El hijo más ilustre de la isla. Ajaccio, con su impronta puramente genovesa, sus fachadas de casas pintadas de colores, sus trampantojos y sus ventanas ocultas tras pintorescas persianas de madera, es la capital administrativa. Marca casi milimétricamente el punto medio de la isla y también funciona como puerta de entrada mayoritaria para quienes vienen a Córcega, ya sea aterrizando en su aeropuerto internacional o atracando en su gigantesco puerto, que es una parada bastante habitual en las rutas de los cruceros que surcan el Mediterráneo.
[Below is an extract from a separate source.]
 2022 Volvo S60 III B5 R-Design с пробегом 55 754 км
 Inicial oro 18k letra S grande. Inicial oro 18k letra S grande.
Fundada en el año 1492, esta es la villa más antigua de la isla, aunque es famosa no solo por eso sino por ser la cuna de Napoleón Bonaparte, sin duda el hijo más ilustre que Córcega ha dado al mundo. Esta circunstancia se aprovecha ahora como un reclamo turístico de primer orden. Varios monumentos evocan la figura del gran emperador, empezando por la estatua que preside la plaza Foch o "de las palmeras", que es como cariñosamente se refiere la gente local a este epicentro de actividad. De ella parte la rue du Cardinal Fesch, el gran eje comercial que lleva directamente al borgo, el añejo vecindario en el que vivían, amontonados, los corsos separados de los italianos.

Aquí se alza también el Museo de Bellas Artes, que recibe el mismo nombre para honrar doblemente al célebre clérigo que pasó a la historia tanto por su irrefrenable pasión por el arte en todas sus acepciones como por ser el tío materno del emperador. El edificio impone por su solemnidad, pero sorprende más todavía cuando se conoce el dato de que se trata de la segunda pinacoteca más importante de Francia, solo por detrás del Louvre. Cuentan que el mencionado cardenal Fesch llegó a Córcega desde París con un cargamento de más de 17.000 obras de arte, incluyendo tesoros de todas las épocas: desde piezas prehistóricas hasta colosales pinturas de los maestros del Renacimiento italiano. La gran mayoría se encuentra dispersa por múltiples museos del planeta, pero aquí es posible admirar todavía una excelente muestra de cuadros y esculturas de artistas como Botticelli, Tiziano y Tintoretto, por mencionar algunos.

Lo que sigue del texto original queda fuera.